Different level of abstraction
Mainly for beginners could be many times complicated to understand the way of working with Informatica. You have those mappings, sessions and workflows. You need to understand what kind of task you are solving on which level and how to combine it together. DSS has different (and for me easier) model how to prepare complete data flow. If I should compare Informatica and DSS components I think this could work:
- mapping in Informatica = data flow in DSS
- workflow in Informatica = DSS scenario
Informatica session which is basically „instance“ of mapping where you set the connections, logging information and other configuration is something what I think does not have equivalent in DSS and it is good because it makes development fast and easier as you do not have this layer of abstraction.
Easier way of working
What is really great thing for me in DSS — you are connecting whole tables/datasets between certain steps which is much faster and easier than connecting each and every column between transformations which you need to do in Informatica mapping. I was always getting mad with tables with 100+ columns where you need to go and lead each column from one transformation to another. It is so ineffective.

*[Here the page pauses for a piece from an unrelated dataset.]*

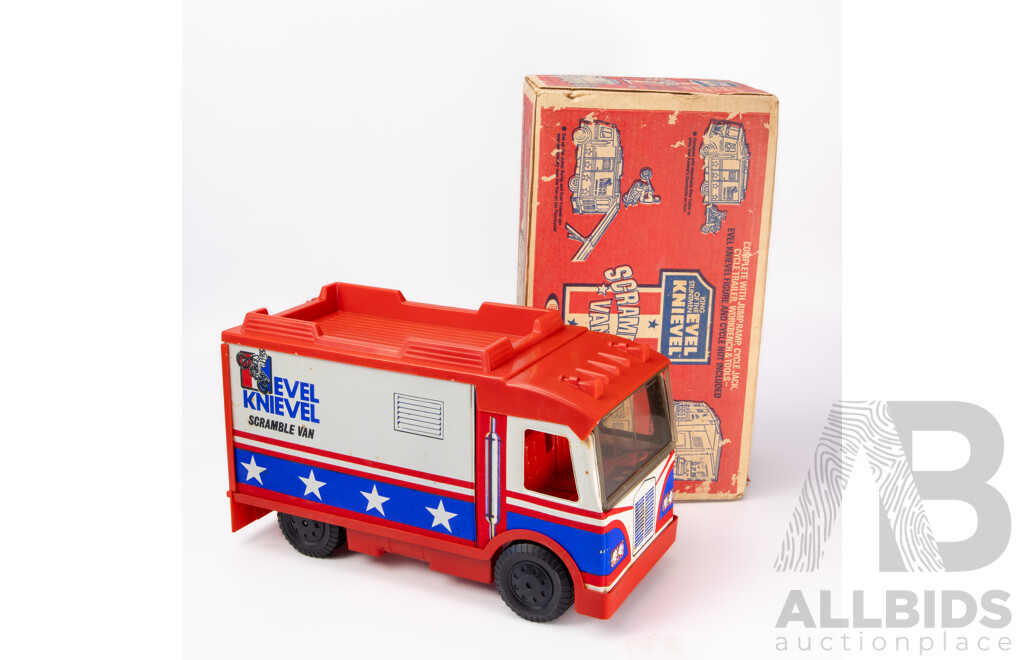 Vintage Ideal Toys Evel Knievel Scramble Van, 1973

Another example is variables handling. In DSS you can have global variables or local project variables. Informatica has parameters and variables on workflow or mapping level if you need value of workflow variable in mapping you need to pass it down and vice versa from mapping you need to pass it up to workflow. It work but It just feel strange to me when I see different approach which is much more effective. As I already mentioned DSS has quite wide API where the same variables are also available.
As last point in comparison I have support. I have to admit that I have never seen better support than Dataiku provides. They are so responsive and helpful! You just send email and usually within 30 minutes you have relevant answer for your issue. It is answer from real Dataiku support engineer, no automatically generated message or generic answer saying „Have you tried turning it off and on?“. This is really great and huge thumbs up for Dataiku support. 👍
On the other hand. Have you ever tried to contact Informatica support? Well, I do and I could end up here. Let me just say that it can take weeks during which you need to go through different levels of support trying to send you just links from knowledge base (that is the better case).

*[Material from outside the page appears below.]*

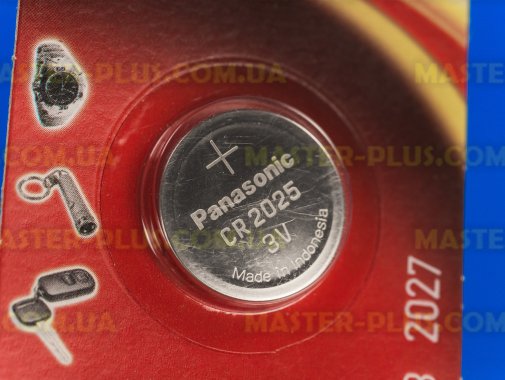 Батарейка Panasonic CR 2025 BLI 1шт Lithium (CR-2025EL/1B)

Let’s focus on benefits and pros which Dataiku can offer to users and developers. As the first one I would definitely mention fast learning curve. Getting basic understanding how to work with the available toolset, what is the main way of working, what kind of components are available is really easy and straightforward. Our team have been onboarding several new developers during last 3 years, varying from total juniors up to lead developers. All of them have been able to get the basic principles under the skin within couple of days and they could start working on real tasks. Why is that?
- great UI/UX which is easy to learn and understand
- strong and limited set of basic data transformation components which are good enough to solve majority of typical data preparation tasks
- unified way of working with each recipe
Again, I have to compare with Informatica. From my own experience, things which I would be doing for a week in Informatica I am able to manage in just two days in Dataiku. Why? Again, it is combination of what I’ve already mentioned like different level of abstraction, easier way of working when you work with complete datasets between transformations, not with single columns, great UI, strong API and variable handling, etc. All of that gives me strong framework which I utilise. It has a big impact on whole delivery because suddenly you are able to deliver more in same time, which on one side save money and on the other positively influences team velocity and trustiness.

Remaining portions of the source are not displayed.